Mr. Grangaard puts his money where his mouth is. The company strives to ease the matching process for guys who lack a Pantone color wheel by offering belts in every hue of leather in which it makes shoes. In some instances, the two pieces share more than color: The brand’s top-selling Manistee belt is a perforated calfskin model that mirrors its popular McAllister perforated calfskin wingtips. Overkill? Some men might think so.
When shopping, Paul Stuart’s Mr. Betteridge usually chooses the shoes first and then finds a coordinating belt, because it’s more crucial that the shoes coordinate with your suit or trousers. If you’re matching existing shoes, bring them with you to the store, he added. “Your memory will sometimes play tricks and you won’t be able to match it up.”
Your belt and shoes don’t have to match, but the challenge of pulling this off convincingly might best be left to advanced style practitioners. A strategic, controlled degree of disharmony can be “incredibly chic,” said New York-based menswear stylist and editor Grant Woolhead, who has worked with brands like Perry Ellis, Paul Smith and Calvin Klein. “Good fashion is about breaking the rules and pushing things forward.”
Of course, that doesn’t mean you can wear a flat black leather belt with flat brown leather shoes and not look rather clueless. You should still aim to keep your accessories in the same tonal family. Though hesitant to get too prescriptive about mismatching, Mr. Woolhead allowed that pairing a lighter brown belt with darker brown shoes can be an elegant solution. You should also try to preserve the same sensibility. Don’t, for instance, try to pair up a casual blue ribbon belt with formal oxblood wingtips.
Mr. Woolhead did offer one suggestion that even amateur dressers might safely adopt: Keep both shoes and belt the same color, but vary their textures.
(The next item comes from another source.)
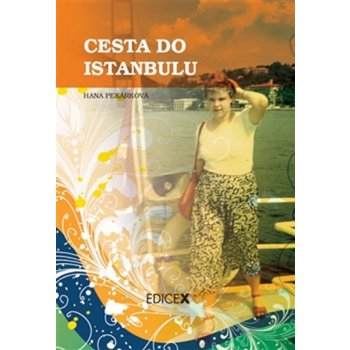 Cesta do Istanbulu Hana Pekárková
Introducing pebble-grain leather boots into a brown-and-brown pairing or an ostrich belt into a black duo can add a bit of interest to those coordinated sets without undermining the fundamentally conservative formula.
While matching is highly recommended in formal, professional contexts, the flip side is true when you’re off the clock. In casual looks, matching the two elements can look a bit precious. “I don’t think you have to wear a blue suede belt because you have blue suede sneakers on,” said Mr. Grangaard. “That does look like you’re trying too hard, no question about it.”